(Short text fragments from websites)
####################

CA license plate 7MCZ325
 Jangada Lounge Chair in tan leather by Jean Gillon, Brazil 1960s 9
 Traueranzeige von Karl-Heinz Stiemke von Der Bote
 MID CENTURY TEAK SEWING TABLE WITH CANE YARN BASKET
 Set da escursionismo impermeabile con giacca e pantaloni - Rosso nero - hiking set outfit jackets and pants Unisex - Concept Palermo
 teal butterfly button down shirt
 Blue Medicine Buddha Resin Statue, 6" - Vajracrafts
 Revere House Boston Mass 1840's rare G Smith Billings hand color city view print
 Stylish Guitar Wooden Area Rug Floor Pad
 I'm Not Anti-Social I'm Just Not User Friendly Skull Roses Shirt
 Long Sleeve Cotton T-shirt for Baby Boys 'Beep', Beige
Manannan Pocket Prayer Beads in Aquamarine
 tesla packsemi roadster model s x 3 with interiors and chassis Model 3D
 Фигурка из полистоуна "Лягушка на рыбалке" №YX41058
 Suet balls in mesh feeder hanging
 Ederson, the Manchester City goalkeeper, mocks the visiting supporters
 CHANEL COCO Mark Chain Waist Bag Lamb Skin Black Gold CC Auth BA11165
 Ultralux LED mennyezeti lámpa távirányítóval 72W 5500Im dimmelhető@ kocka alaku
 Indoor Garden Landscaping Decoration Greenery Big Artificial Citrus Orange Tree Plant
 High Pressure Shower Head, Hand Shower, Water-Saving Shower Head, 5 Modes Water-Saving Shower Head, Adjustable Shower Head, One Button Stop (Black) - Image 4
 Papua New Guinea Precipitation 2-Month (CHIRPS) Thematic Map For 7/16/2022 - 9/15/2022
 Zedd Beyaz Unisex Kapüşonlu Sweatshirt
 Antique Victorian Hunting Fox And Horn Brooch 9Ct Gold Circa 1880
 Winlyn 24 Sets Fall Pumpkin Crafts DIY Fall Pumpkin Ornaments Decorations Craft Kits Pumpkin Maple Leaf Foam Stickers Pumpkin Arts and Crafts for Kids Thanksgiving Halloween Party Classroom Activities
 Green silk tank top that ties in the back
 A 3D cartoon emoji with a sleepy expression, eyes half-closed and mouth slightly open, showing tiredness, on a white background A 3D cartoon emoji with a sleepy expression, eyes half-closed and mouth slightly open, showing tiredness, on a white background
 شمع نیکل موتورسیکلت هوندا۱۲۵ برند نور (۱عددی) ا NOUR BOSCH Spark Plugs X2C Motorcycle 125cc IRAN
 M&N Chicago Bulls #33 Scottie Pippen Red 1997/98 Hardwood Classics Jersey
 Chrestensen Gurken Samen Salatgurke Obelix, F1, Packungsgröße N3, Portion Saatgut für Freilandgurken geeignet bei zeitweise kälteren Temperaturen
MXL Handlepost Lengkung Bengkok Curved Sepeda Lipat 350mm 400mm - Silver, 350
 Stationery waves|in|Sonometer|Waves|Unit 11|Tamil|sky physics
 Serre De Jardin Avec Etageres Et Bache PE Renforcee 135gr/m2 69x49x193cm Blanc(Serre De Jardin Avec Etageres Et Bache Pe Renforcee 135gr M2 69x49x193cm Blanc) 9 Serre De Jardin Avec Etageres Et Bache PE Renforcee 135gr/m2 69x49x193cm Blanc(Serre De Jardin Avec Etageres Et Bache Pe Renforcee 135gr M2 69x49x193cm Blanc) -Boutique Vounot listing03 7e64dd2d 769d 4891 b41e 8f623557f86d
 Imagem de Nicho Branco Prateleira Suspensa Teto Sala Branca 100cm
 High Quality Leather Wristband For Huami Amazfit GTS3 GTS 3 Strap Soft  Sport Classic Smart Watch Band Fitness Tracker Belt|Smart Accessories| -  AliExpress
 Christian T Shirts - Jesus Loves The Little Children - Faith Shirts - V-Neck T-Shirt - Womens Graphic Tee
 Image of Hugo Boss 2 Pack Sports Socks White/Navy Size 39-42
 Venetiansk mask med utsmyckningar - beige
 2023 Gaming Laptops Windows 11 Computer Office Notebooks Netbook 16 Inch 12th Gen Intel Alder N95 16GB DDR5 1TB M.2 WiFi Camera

####################

**Exercise instructions:**
Beginning at the line above with "teal butterfly button down shirt" and finishing at the line with "Long Sleeve Cotton", return each line exactly and return nothing else.

**Answer to this task:**
 teal butterfly button down shirt
 Blue Medicine Buddha Resin Statue, 6" - Vajracrafts
 Revere House Boston Mass 1840's rare G Smith Billings hand color city view print
 Stylish Guitar Wooden Area Rug Floor Pad
 I'm Not Anti-Social I'm Just Not User Friendly Skull Roses Shirt
 Long Sleeve Cotton T-shirt for Baby Boys 'Beep', Beige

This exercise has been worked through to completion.